New inclusions, new packages for yogurt

Yogurt manufacturers have not been real creative in their offerings since dessert flavors debuted a few years ago. However, in the past year, two Minneapolis-based companies have taken giant steps and have rolled out two truly different yogurts.

Marigold Foods Inc. developed a decadent yogurt containing chocolate truffle cups along with fruit puree. This product marks the first time a chocolate inclusion is actually part of the yogurt and not simply located in an attached compartment for stirring in at the time of consumption. It is also the first time chocolate truffles are being added to yogurt.

Under its Yoplait brand, General Mills introduced a unique squeezable tube of yogurt for kids. Go-Gurt, properly named to convey its portability, is a breakthrough formulation making it the only yogurt on the market today that can be enjoyed refrigerated, frozen or thawed.

In general, the yogurt category is faring well. The regular-fat variety led the category in 1998 with the strongest volume growth ( 7.5%), while low-fat maintained the highest dollar (52.6%) and volume share (51.7%).

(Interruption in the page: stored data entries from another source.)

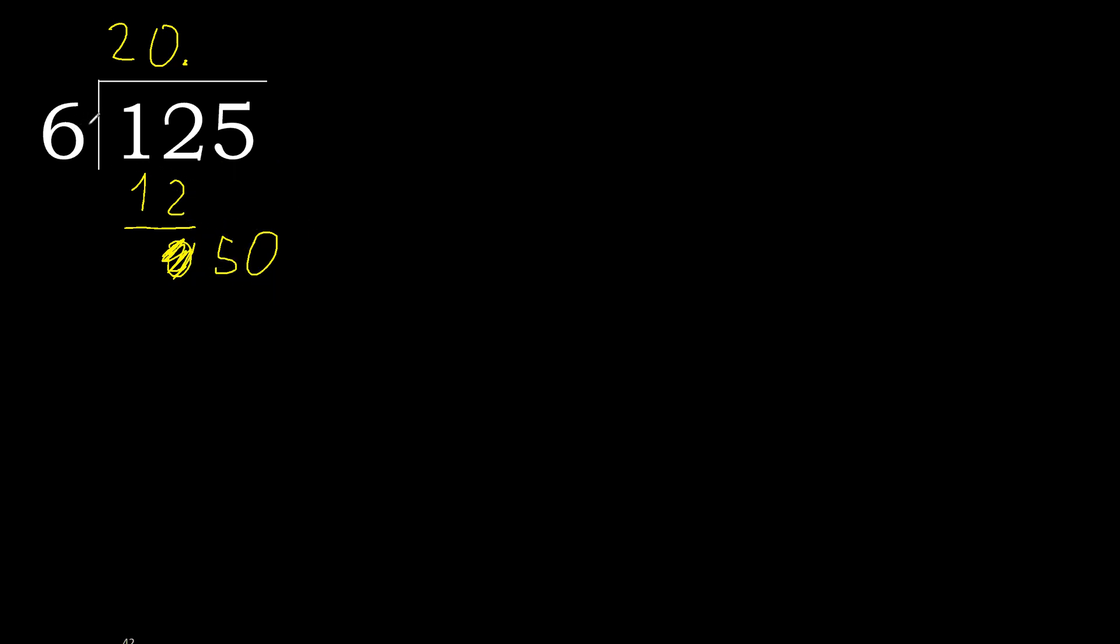50. 6 multiplied by 9 is greater. Multiplied by 8—48 is not greater. 50 minus 48 is 2. Complete.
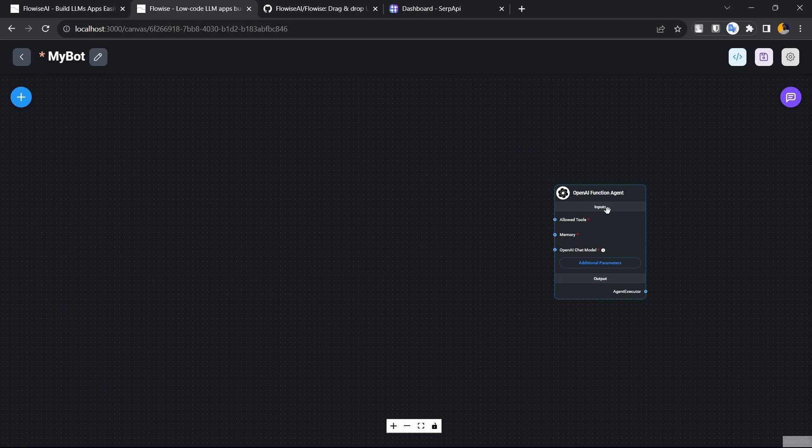If you don't know what an agent is, you can refer to LangChain's official documentation, which is very well written. In a nutshell, an agent has a few key options: you can add a chat model, and the other very important option is tools. Tools is where you attach your application to external sources — external databases, custom endpoints, whatever you can imagine. We're going to use the built-in SERP API tool that LangChain provides.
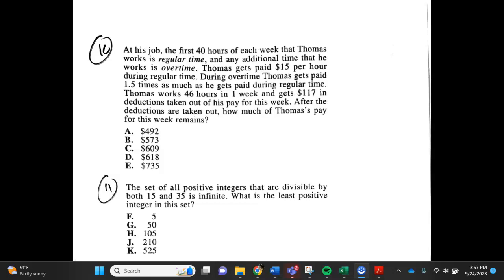Number 10. At his job, the first 40 hours of each week that Thomas works is regular time, and any additional time is overtime. Thomas gets paid $15 per hour during regular time. During overtime, Thomas gets paid 1.5 times as much as regular time. Thomas works 46 hours in one week and gets $117 in deductions taken out of his pay. After the deductions are taken out, how much of Thomas' pay for this week remains? a. $492, b. $573, c. $609, d. $618, e. $735.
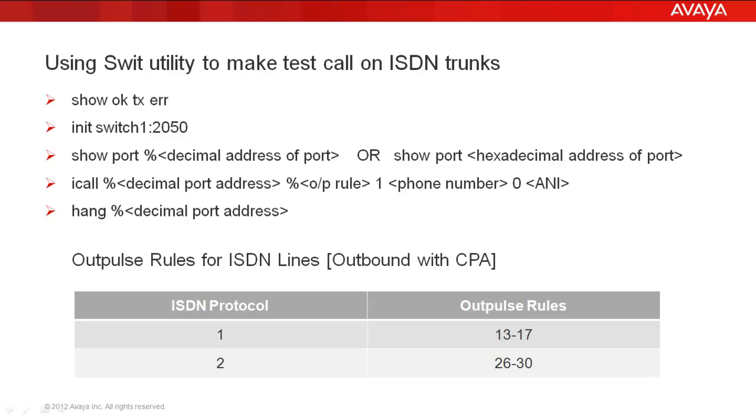Then for displaying the activity on a particular port, you use the command show space port to paste the port address. If you are using the decimal port address from the dgswitch.cfg, you have to use a percentage symbol.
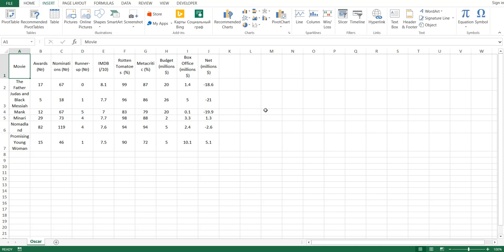Hey YouTube, Max here from AECW. In this video, we'll show you how to predict the 2021 Oscar winner for Best Picture using Excel sorting, filtering, and basic statistics.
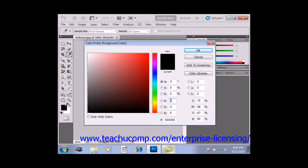You can select a color visually using the color field and color slider in this dialog box, or you can type the numeric values for each color component into the text boxes provided if you happen to know them.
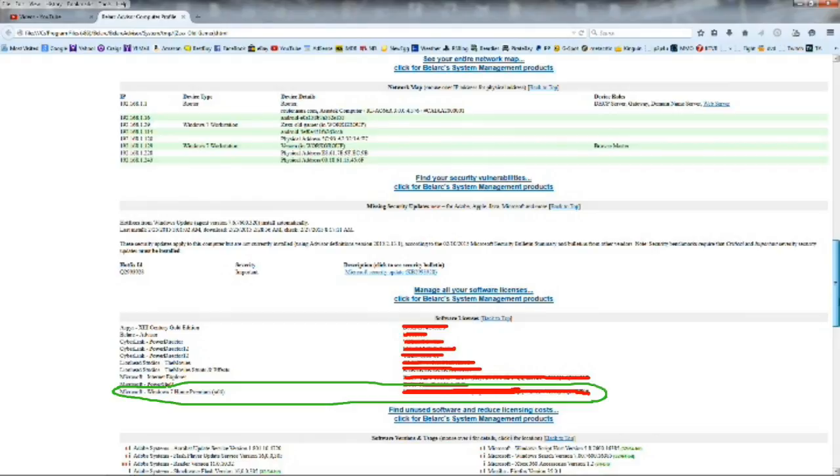Now for some reason you cannot use the internet or download Bellarc Advisor for whatever reason. Maybe you have so much malware on your computer or something like that, you can't get on the internet and download anything. There's another way you can actually recover your product key.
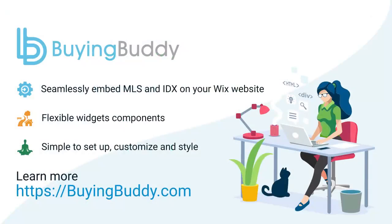To get started with making your Wix site a showcase for your real estate business, add the app now and try it out right away.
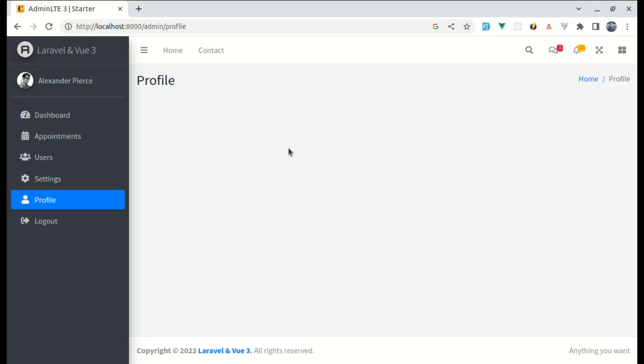Welcome back to another video on building a multi-purpose Laravel and Vue 3 application. In this video, we'll be working on the profile page where we'll be updating the profile information for the authenticated user.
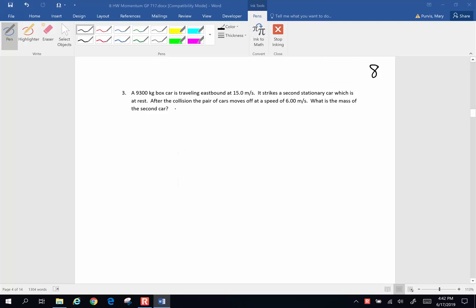Hi folks, here are some more Chapter 8 problems. A 9,300 kg boxcar is traveling eastbound at 15.0 meters per second. It strikes a second stationary car which is at rest. After the collision, the pair of cars move off at a speed of 6.00 meters per second. What is the mass of the second car?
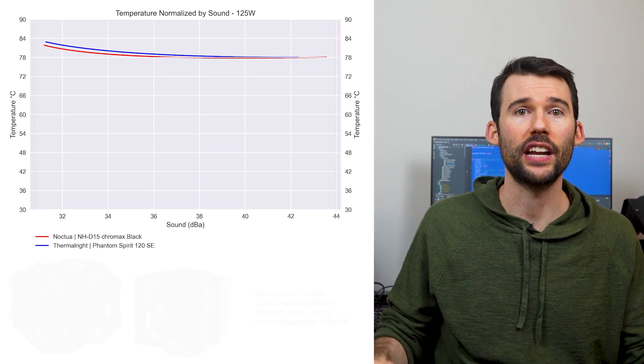If you're curious on how the Phantom Spirit stacks up against another budget cooler, the Pyrus Assassin 120 SE, you should check out this video comparing these two coolers.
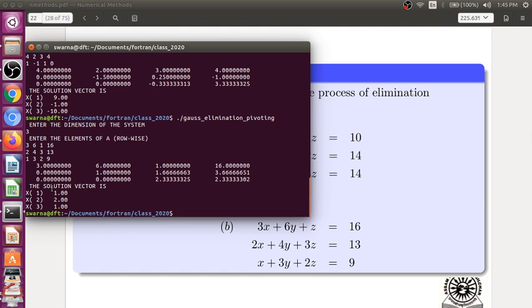So we get 1, 2, 1. We do not have to reshuffle the equation. That is the good feature for pivoting technique. Hope you have understood. Thank you for watching.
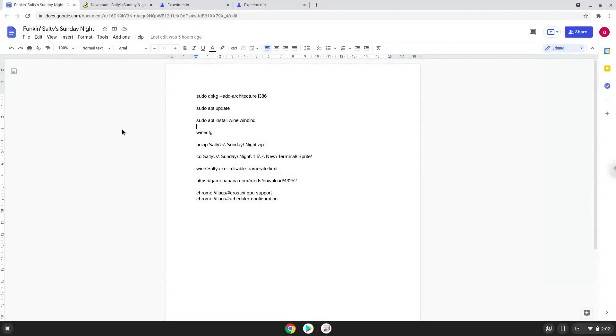Hello. Today we are looking at how to install Funk & Salty's Sunday night on a Chromebook. Please take note that you need a Chromebook with an Intel or AMD processor.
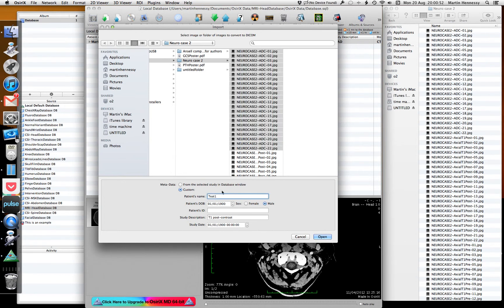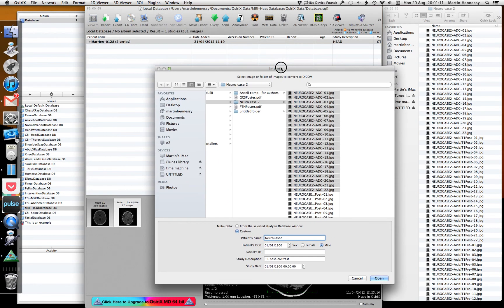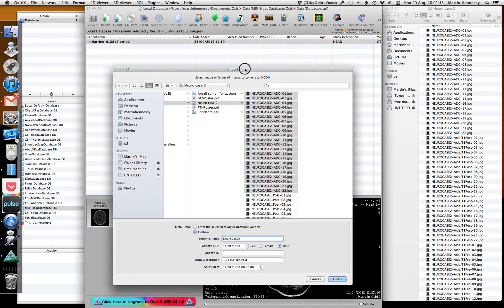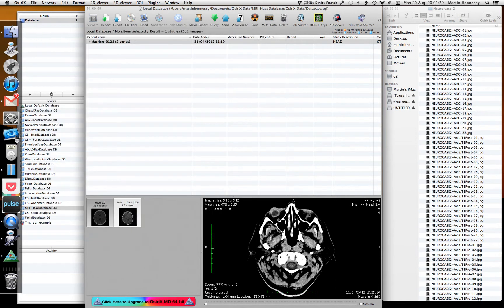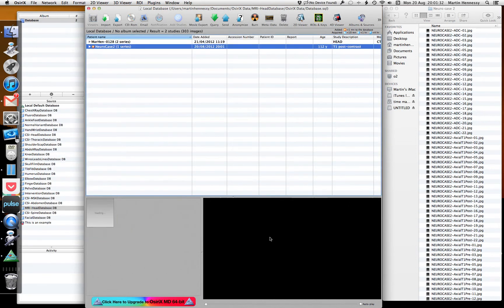There's some text in here from previous testing. I'm going to call the patient 'neurocase2'. The patient ID I normally leave blank. The study description is 'MRI Head'. The important thing is that you've got the series name within the actual filename — we'll see why shortly. I'll open that. Because these are just JPEGs rather than DICOMs, they copy in extremely quickly.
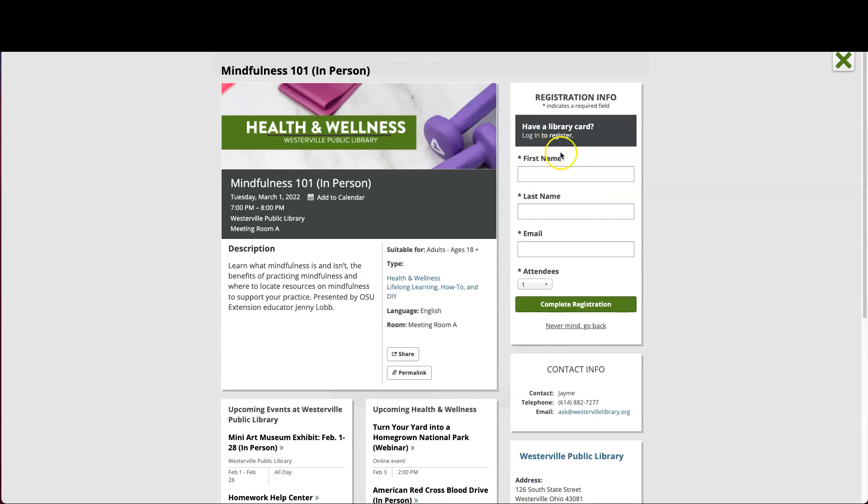You can either sign up with your first and last name and your email address, or you can log in with your library card.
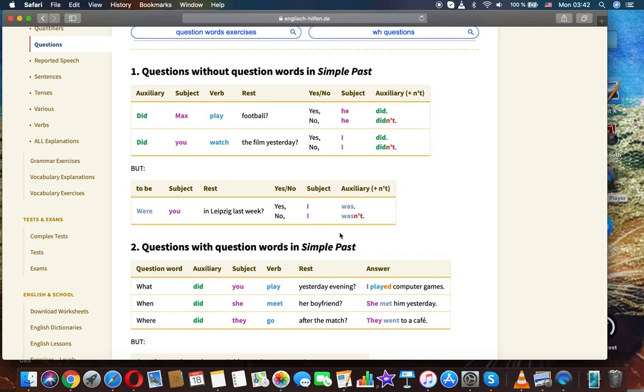Did you watch the film yesterday? Yes, I did. No, I didn't.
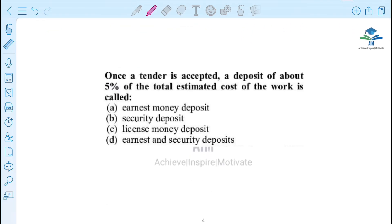Once a tender is accepted, a deposit of about 5% of the total estimated cost of the work is called: (A) earnest money deposit, (B) security deposit, (C) license money deposit, (D) earnest and security deposit.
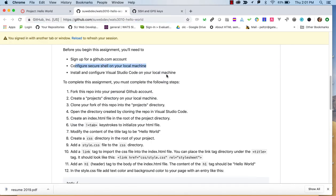Next, install and configure Visual Studio Code. I'm going to assume you have Visual Studio Code running and that you've probably got some plugins in there — like Live Server — to help you out with this assignment.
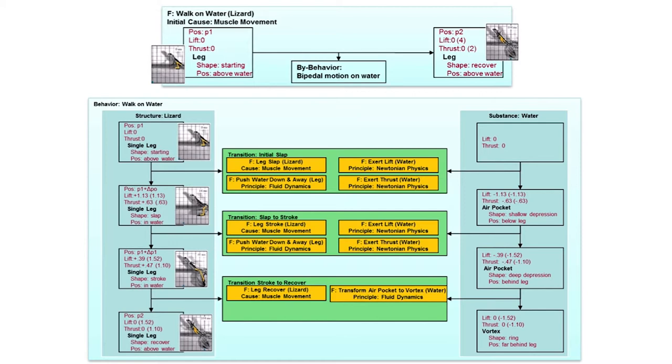Here is a model of the basilisk lizard. This model is sometimes called structure-behavior-function model. This particular picture doesn't show the structure, it just shows the function and the behavior.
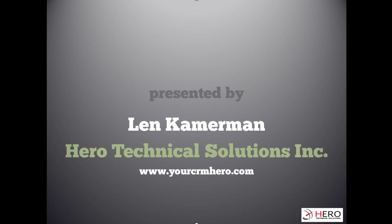Hi, it's Len Kamerman from Hero Technical Solutions. I was just checking out a video I had recorded and realized I had 140 subscribers on YouTube, which I was pretty shocked about. I've been creating ACT videos on YouTube for a while but didn't realize I had that many people that had subscribed.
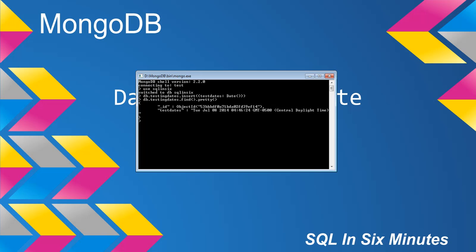we will see that it's stored as a string, it's wrapped in quotes, it'll specify Tuesday, July 8th, 2014, the time, and then of course what's cool is the central daylight time as well.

Growth in the regular-fat category, also known as whole milk yogurt, can be attributed to consumers' increased interest in organic yogurt. Organic and "all-natural" manufacturers like Stonyfield Farm Inc., Londonderry, N.H., Horizon Organic Dairy, Longmont, Colo., and Brown Cow West, Antioch, Calif., have revived this variety. Whole milk organic yogurts are extremely attractive to parents looking for all-natural, nutrient-dense foods for infants and toddlers.

Brown Cow takes its all-naturalness serious. The company uses only milk from brown Jersey cows, which is richer and has a higher protein content than milk from the more common black and white Holstein cows. According to the company, sourcing Jersey milk on a regular basis is quite challenging because almost all milk produced in the United States comes from Holsteins. Jerseys produce less milk and there are fewer cows, but "Jerseys simply produce better milk, which makes really rich, creamy yogurt," says Steve Ford, president.

The company self-imposes another restriction, making sourcing even more difficult: The cows cannot be treated with any bovine growth hormone.

Brown Cow also uses only natural sweeteners. "We use maple syrup, which costs about five times as much as cane sugar," says Ford. "Cane sugar is easier to work with, but it doesn't fit the all-natural profile of our products."

These strict formulation guidelines are paying off for Brown Cow. The company posted 37% growth in 1998, and expects continued growth in 1999.

Category leaders like General Mills recognize this trend toward all-natural yogurt, and have recently joined the organic movement with the introduction of two varieties in multi-serving 32-oz containers - plain and vanilla.

The dairy industry can expect to see more mainstream yogurt manufacturers developing a premium, all-natural line for the growing "green" consumer.

Suppliers are making this possible through the introduction of specialty starches for yogurt stabilization. These starches replace gelatin and non "all-natural" hydrocolloids, resulting in a simpler ingredient label to satisfy health-conscious consumers.

Another formulating trend anticipated in the yogurt category is toward a broader range of sweeteners that are safe for diabetics. This includes the use of polyols like sorbitol, maltitol and erythritol.